(The records begins)

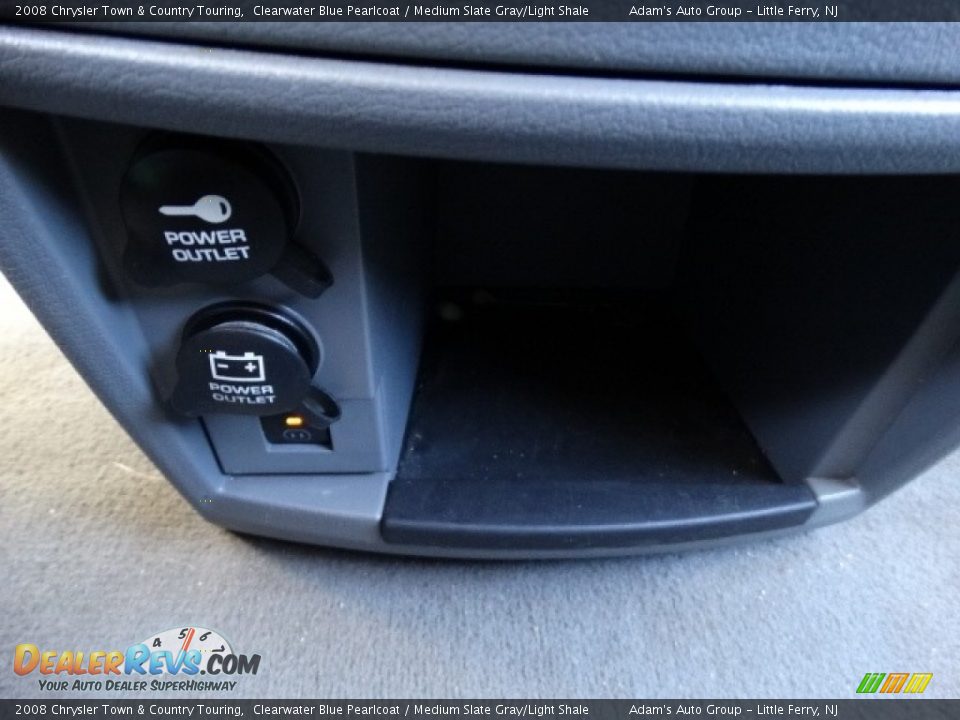 2008 Chrysler Town & Country Touring Clearwater Blue Pearlcoat / Medium Slate Gray/Light Shale Photo #24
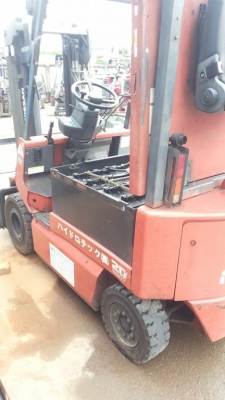 ขายรถ nissan ไฟฟ้านั่งขับ  ขนาด 2 ตัน พร้อมตู้ชาร์จ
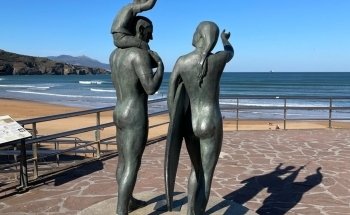 Playa La Arena Bizkaia / Area hondartza Bizkaia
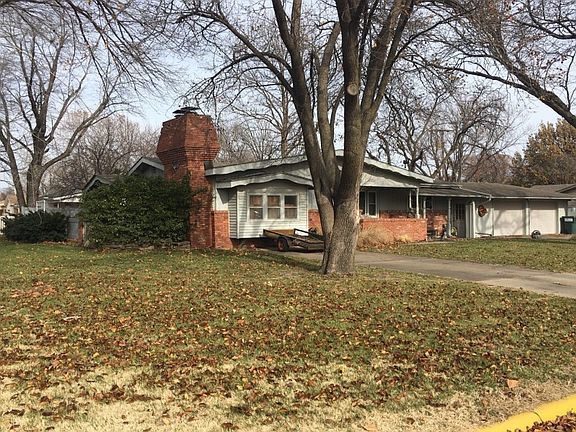 3rd image of 404 W 27th Ave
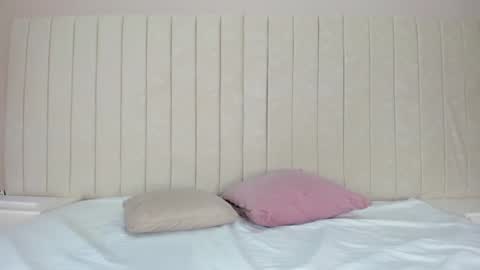 im olivia IG littleolivia01 online show from February 1, 12:58 pm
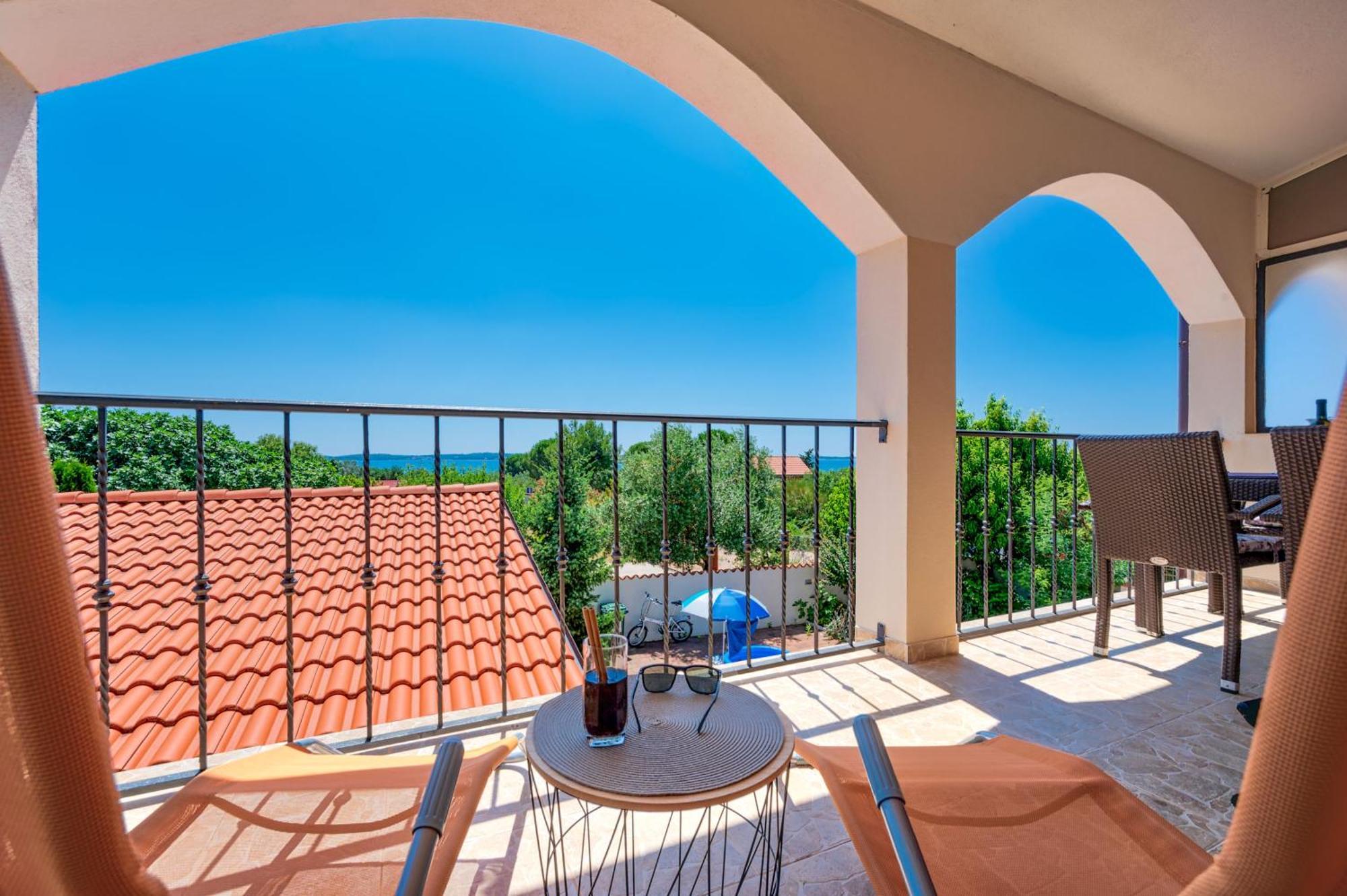 Teuta Apartments - A Beach And A Sea View Peroj Bagian luar foto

(The records ends)

Exercise goal
Line by line, restate the data above exactly as it stands, minus the pictures.

Completed task
 2008 Chrysler Town & Country Touring Clearwater Blue Pearlcoat / Medium Slate Gray/Light Shale Photo #24
 ขายรถ nissan ไฟฟ้านั่งขับ  ขนาด 2 ตัน พร้อมตู้ชาร์จ
 Playa La Arena Bizkaia / Area hondartza Bizkaia
 3rd image of 404 W 27th Ave
 im olivia IG littleolivia01 online show from February 1, 12:58 pm
 Teuta Apartments - A Beach And A Sea View Peroj Bagian luar foto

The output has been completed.